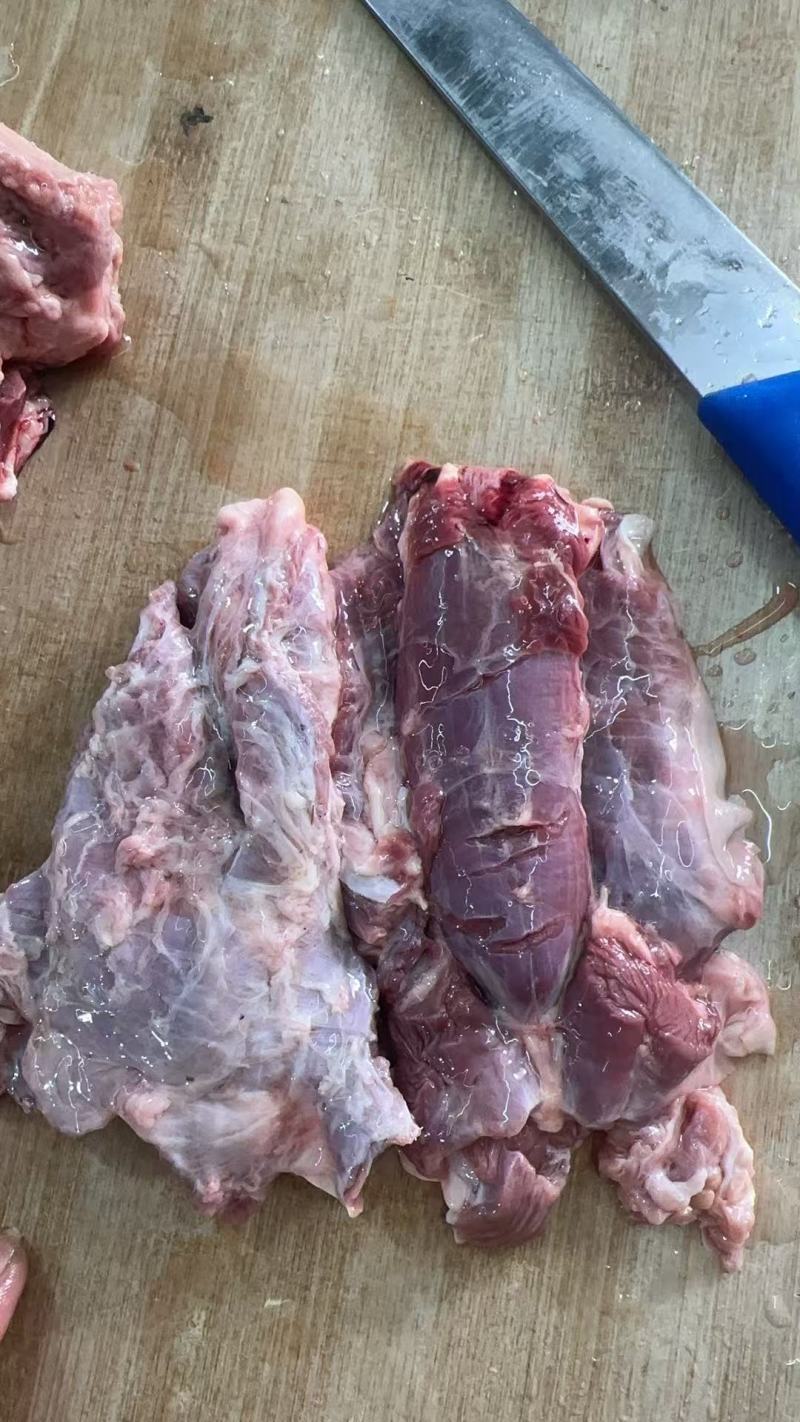 大块牛碎肉，国产纯干货，有大块有小块，有片，各种规格齐全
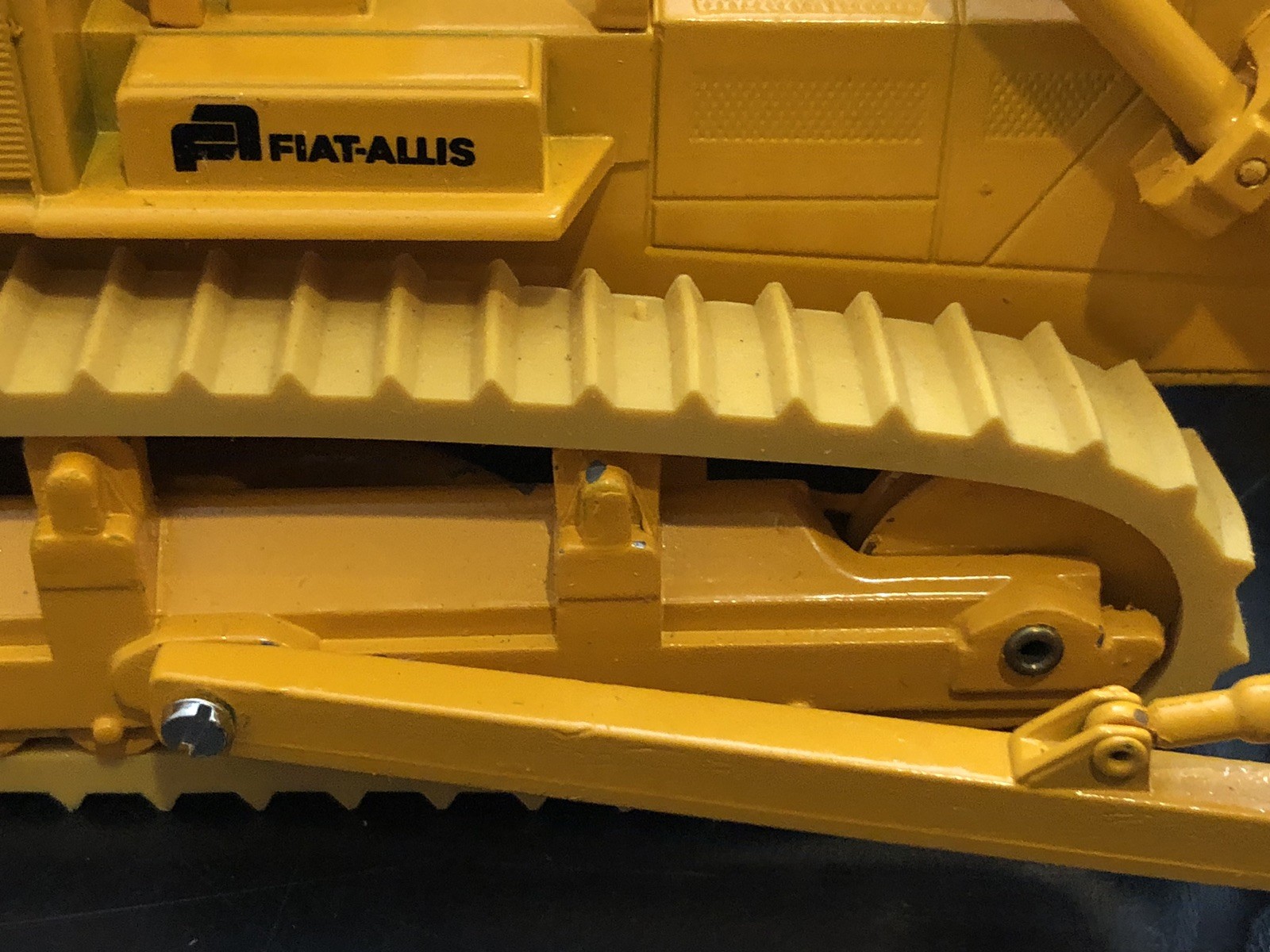 Conrad Gescha #2910 Fiat-Allis 41-B Crawler Tractor Dozer Diecast Boxed – 1:50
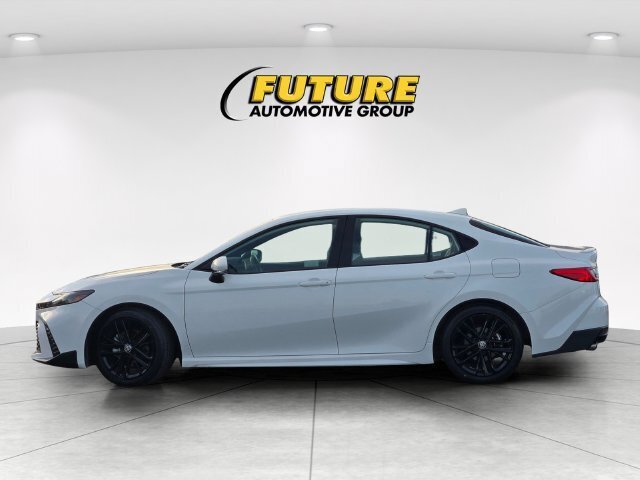 Certified 2025 Toyota Camry SE FWD image 9
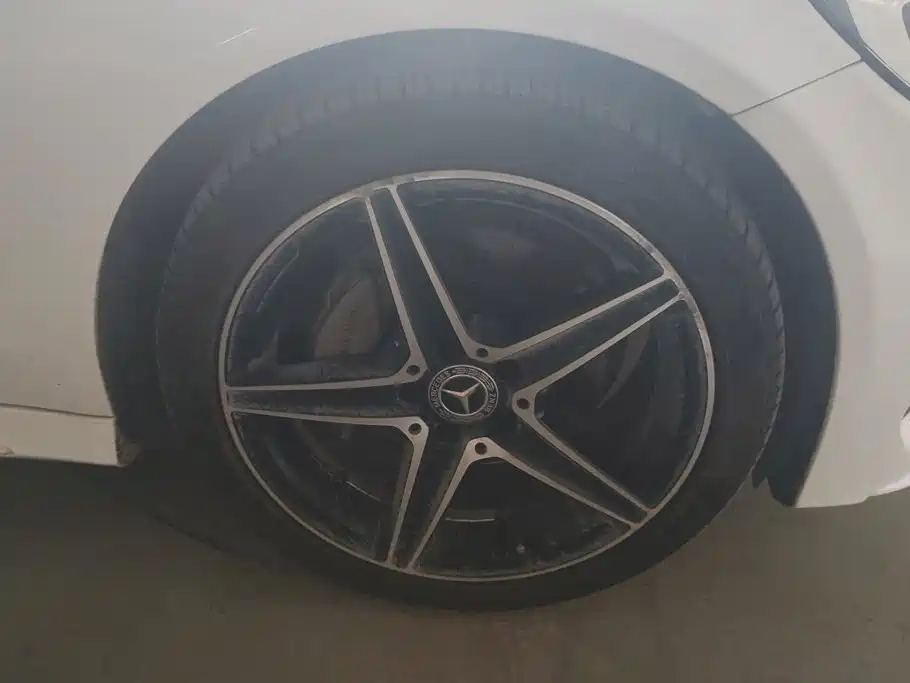Mercedes-Benz C-Class 2017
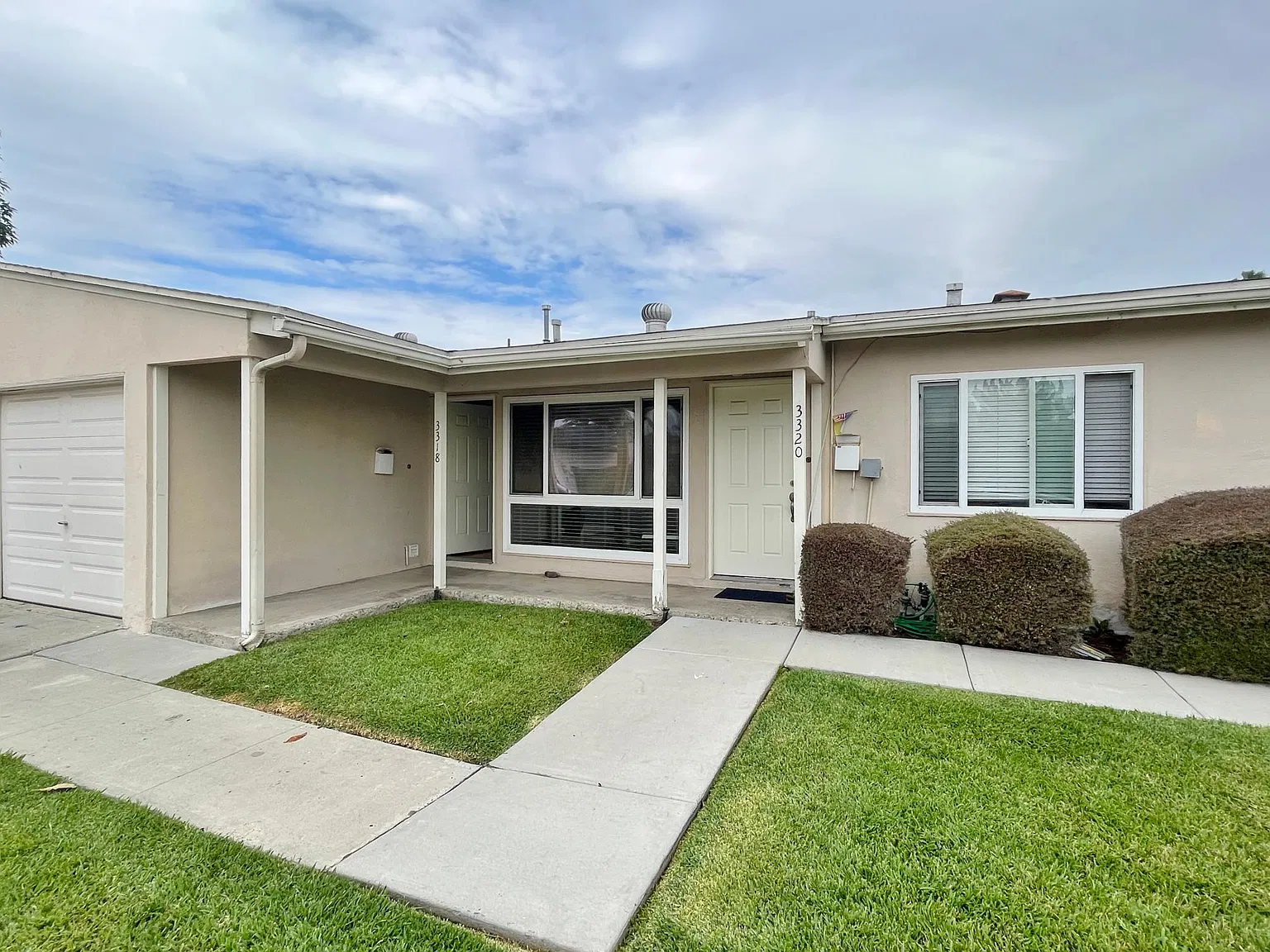 2 bed, 944 sqft, $3,150 — Photo 1
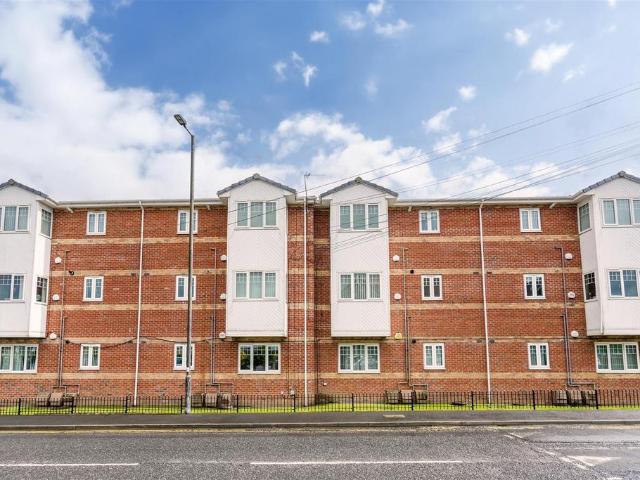 Flat for sale in Shiremoor, North Tyneside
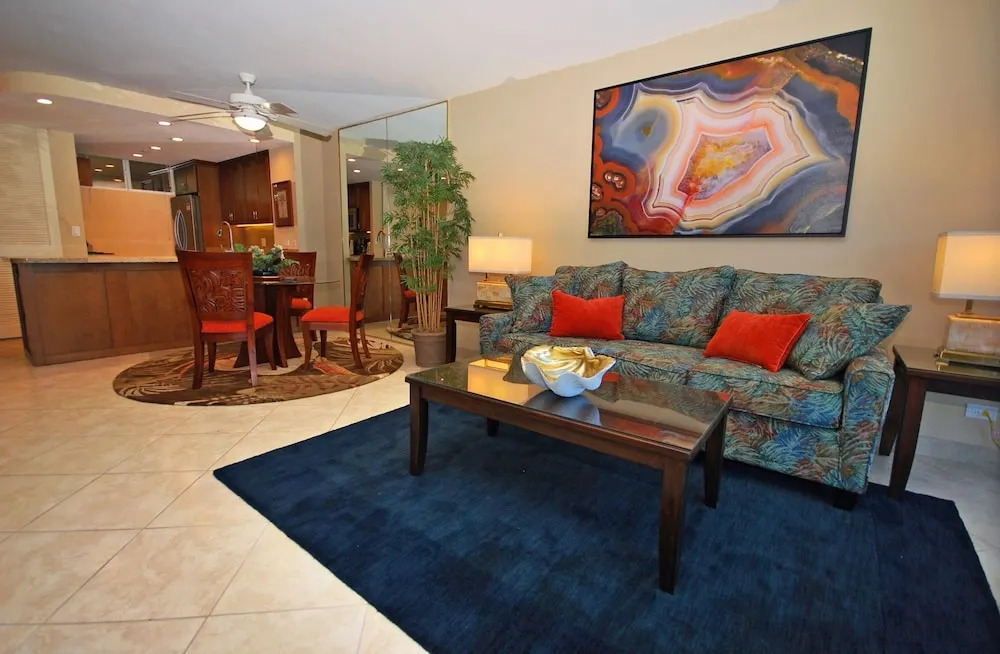 Mahana 604 Oceanfront 1bd/1ba 1 Bedroom Condo by RedAwning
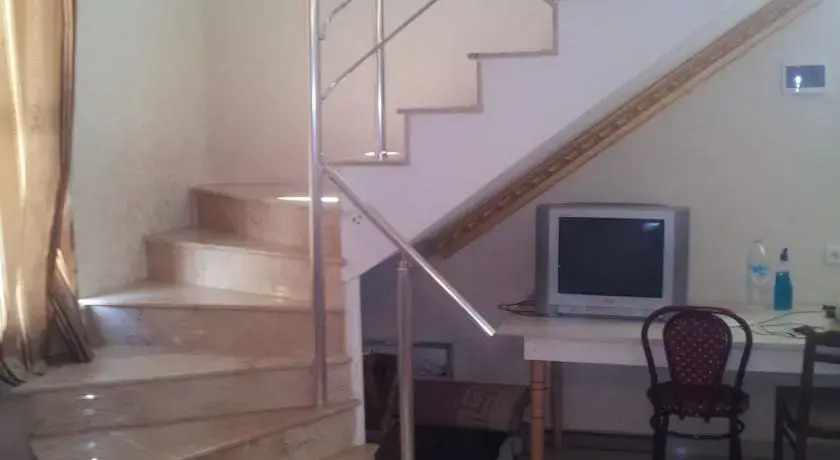Гори: Marina Guest House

.....

» Try it: Print only the lines from the one with "Flat for sale in Shiremoor, North Tyneside" through the last line of the data above, exactly and with both ends, and please omit any pictures.

» Output of the exercise:
 Flat for sale in Shiremoor, North Tyneside
 Mahana 604 Oceanfront 1bd/1ba 1 Bedroom Condo by RedAwning
Гори: Marina Guest House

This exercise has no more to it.